Hacker News new | ask | show | jobs
by contingencies 4641 days ago
Mainland China and Taiwan did something similar. I actually went to one of the newly-post-Unicode meets of Academica Sinica in Taipei where hardcore ancient Chinese academics and computational linguists were discussing unsolved conversion issues for some of those creatures.
1 comments

How often does UTF-8 update to account for these issues?
I think basically people who need to communicate beyond a certain age tend to avoid Unicode and just use images, and CJK Unicode is essentially fixed, even if still changing slowly now. More info here: http://www.unicode.org/reports/tr38/

My overall impression was that super ancient characters (of which there are tens of thousands more, probably with many academic arguments as to their individual distinctions or similarities) have been left out of Unicode proper and are under some documentation/standardization effort by a separate group as a 'special use region' mapping within Unicode for their own use by agreement. I can't find their site, though I could swear I had it a few years back. Initially, "Han unification" was an effort by the authors of Unicode and the Universal Character Set to map multiple character sets of the so-called CJK languages (Chinese/Japanese/Korean) into a single set of unified characters and was completed for the purposes of Unicode in 1991 (Unicode 1.0). Unfortunately, not only did they try to get modern scholars to agree on a normalized set of characters, but they also wanted them to agree of semantic equivalence (and a subset of pronunciations!)... in all cases... across all time: obviously not a good way to please hardcore academics. (It should be noted that Vietnamese also used Chinese, that in ancient history (even ~3000+ years ago) numerous non-Chinese ideographic/logographic/alphabetic scripts existed in the south-western Chinese borderland, and that in modern Chinese, certain surviving characters today seen as 'Cantonese' (from southern Chinese coast to east of Vietnam) are a surviving relic of this arguably greater and prodominantly Southern Chinese culture of ideogrammatic innovation). Some of the scripts still survive archaeologically, others survive in literary reference, and some (though primarily alphabetic, save for the Naxi Dongba script, an understanding of which is critically endangered to lost now despite government efforts at preservation) are still alive today... often with government reforms or some 19th century debris of Jesuit or other religious meddling.

That's fascinating!

I can only imagine both the pressure and push back to 'get it right' from academics. Not only for their own language, but in a competitive sense either other counties.

Great reply!

There's not much pressure. I don't think anyone reasonably expects the Unicode consortium to fix the problems with Han Unification at all - mainly because Unicode is already too pervasive, and the cost to update existing technology to make it compatible would be too big.

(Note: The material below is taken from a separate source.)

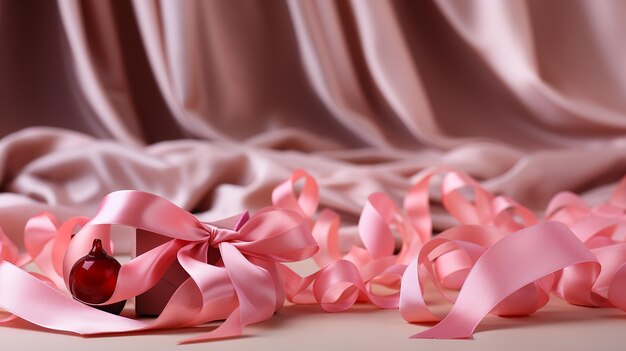 photo pink ribbon breast cancer healthcare concept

There's specialized software, encodings and fonts that can be downloaded for writing traditional characters such as Mojikyo (http://www.mojikyo.org/PWU8N/index.php), but any text is basically incompatible with other software, including the web, except via converting them to images.

It's unlikely this will change. Technological progress is more important to most people, and anything not in Unicode will eventually be lost in time, just like spoken languages disappear every year as state educations force a standardized language on people.

Mojikyo! That's the one. Their site has changed a lot since I last saw it (probably ~5 years back).

On the disappearance meme, I would posit that "writing almost never dies out anymore, it just gets progressively more obscure".

On the spoken languages meme, I also volunteer on occasion for the World Oral Literature Project (Cambridge/Yale) @ http://oralliterature.org/ .. I've also been contemplating heading up to Assam in India, maybe Bhutan and Nepal to do what little recording I can manage.

UTF-8 encodes unicode code points, so its unicode or some external entity that converts between character sets that have to deal with those issues, not UTF-8

UTF-8 would pretty much only need to be updated if the unicode standard redefines what a code point is (e.g. starts using floating point, decimals, imaginary numbers or something else that is also unlikely to happen)

> UTF-8 would pretty much only need to be updated if the unicode standard redefines what a code point is (e.g. starts using floating point, decimals, imaginary numbers or something else that is also unlikely to happen)

Or if they decide that they need more codepoints, so some invalid-but-possible UTF-8 byte sequences suddenly become valid.

There's no reason for that, UTF-8 is only there to encode Unicode codepoints, and the whole range of codepoints (including the 80% not yet attributed) can be expressed in UTF-8.
UTF-8 has only been updated once (to remove 5 and 6 byte sequences, to limit it to the same range of values that UTF-16 can express).

New versions of Unicode are standardized every year or two.